Introducing Cardinal: The Most Performant Engine For Vector Searches

8 min readFeb 1, 2024

This post is written by Alexandr Guzhva and Li Liu.

In databases, ‘performance’ is a critical metric, especially in vector databases. It is pivotal in efficiently processing a high volume of user requests within limited resources. While access latency might not be a concern in some situations, for a vector database, performance remains essential for various reasons.

Vector search, reliant on Approximate Nearest Neighbor Search (ANNS), may trade a slight degree of accuracy for enhanced performance. Improved performance, in turn, allows for greater precision.
Outstanding performance, maintained under a consistent query latency, facilitates higher throughput using the same resources, accommodating a larger user base.
Moreover, improved performance translates to the need for fewer computational resources to support identical usage scenarios.

Vector databases are inherently computation-intensive, with a significant portion of resource usage — often exceeding 80% — dedicated to vector distance calculations. As a result, the vector search engine, responsible for handling vector search tasks, becomes a critical factor in determining the overall performance of a vector database.

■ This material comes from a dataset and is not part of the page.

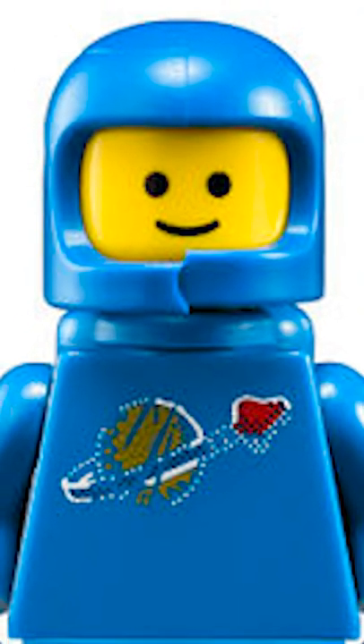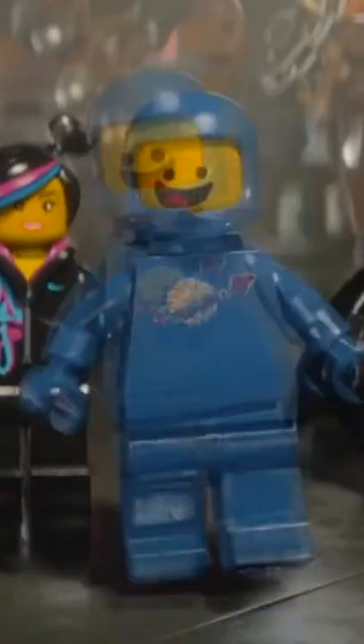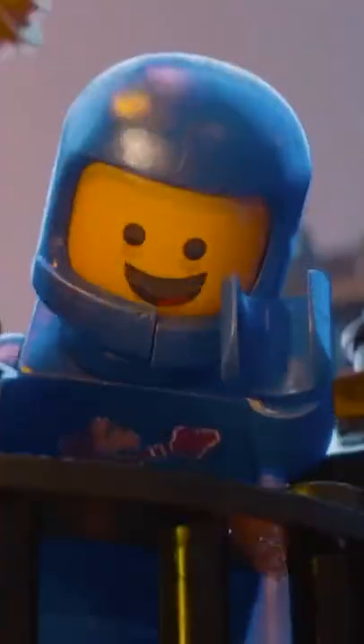Interestingly, this specific minifigure had a manufacturing error which caused the helmet to crack. That's why his helmet is also cracked in the movie. Apparently oxygen was meant to be leaking out of his suit, which is why he seems to be a bit crazy. So now you don't need to ask.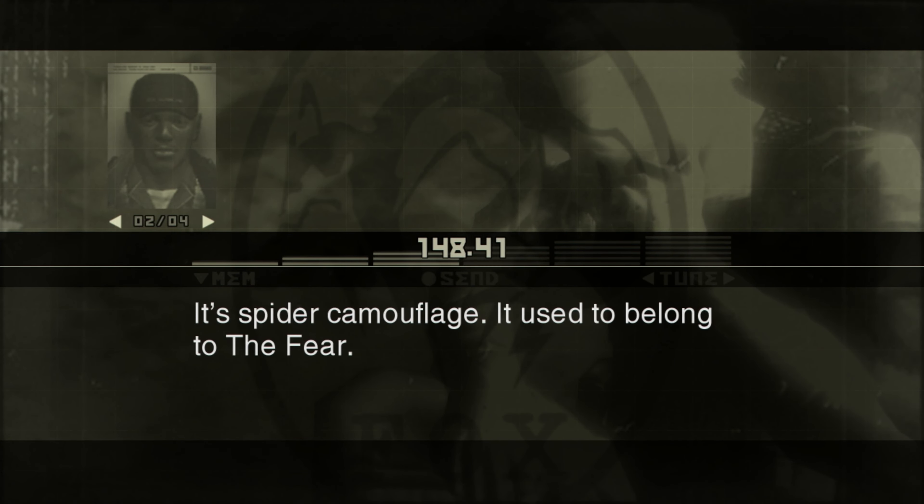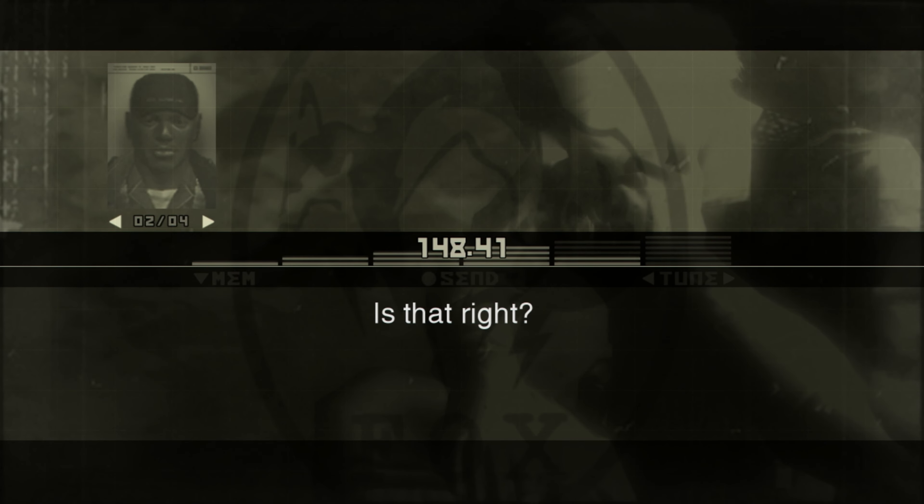Hey, Snake, what's that you're wearing? It's spider camouflage. It used to belong to The Fear. Is that right?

Zilliz consistently prioritizes the enhancement of vector database performance. The open-source Milvus and the fully managed Zilliz Cloud demonstrate superior performance compared to similar products. The Milvus vector search engine Knowhere, plays a significant role in achieving this success by laying a foundation for a new search engine.

At the heart of the latest release of Zilliz Cloud is Cardinal, a new vector search engine we built. This search engine has already demonstrated a threefold increase in performance compared to the previous version, offering a search performance (QPS) that reaches tenfold that of Milvus.

We evaluated the latest Zilliz Cloud’s performance through the open-source vector database benchmark tool and compared its performance with Milvus and Zilliz Cloud with an old engine. The evaluation results are shown in the charts below.

What is Cardinal?

Cardinal is a proprietary multi-threaded modern C++ template-based vector search engine that implements the most practical and widely used ANNS methods. Cardinal was designed and written from scratch to use available compute resources efficiently.

Cardinal is capable of:

performing brute-force search,
creating and modifying ANNS indices,
performing the index Top-K and index range search,
working with various input data formats, including FP32, FP16, and BF16,
working with in-memory data or with memory-mapped data,
filtering the results during the search based on user-provided criteria.

Cardinal includes:

An implementation of ANN methods that allow for easy configuration of various internal parameters. However, the default operating point is consistently tuned to maximize search speed (QPS, queries per second) while maintaining reasonable accuracy (recall rate).
Efficient implementation of various algorithms that support ANNS methods. For example, ones that provide sample filtering capabilities.
Low-level specialized optimized kernels for most compute-intensive operations used during the search or construction. Multiple hardware platforms are supported. Besides kernels that compute distances for various metrics, Cardinal also contains fused kernels and kernels for data preprocessing.
Supporting facilities, such as asynchronous operations, memory-mapped I/O capabilities, caching, memory allocators, logging, etc.

Knowhere vs Cardinal

The Knowhere library is an internal core of open-source Milvus, responsible for the vector search. Knowhere is based on patched versions of industry-standard open-sourced libraries, such as Faiss, DiskANN, and hnswlib.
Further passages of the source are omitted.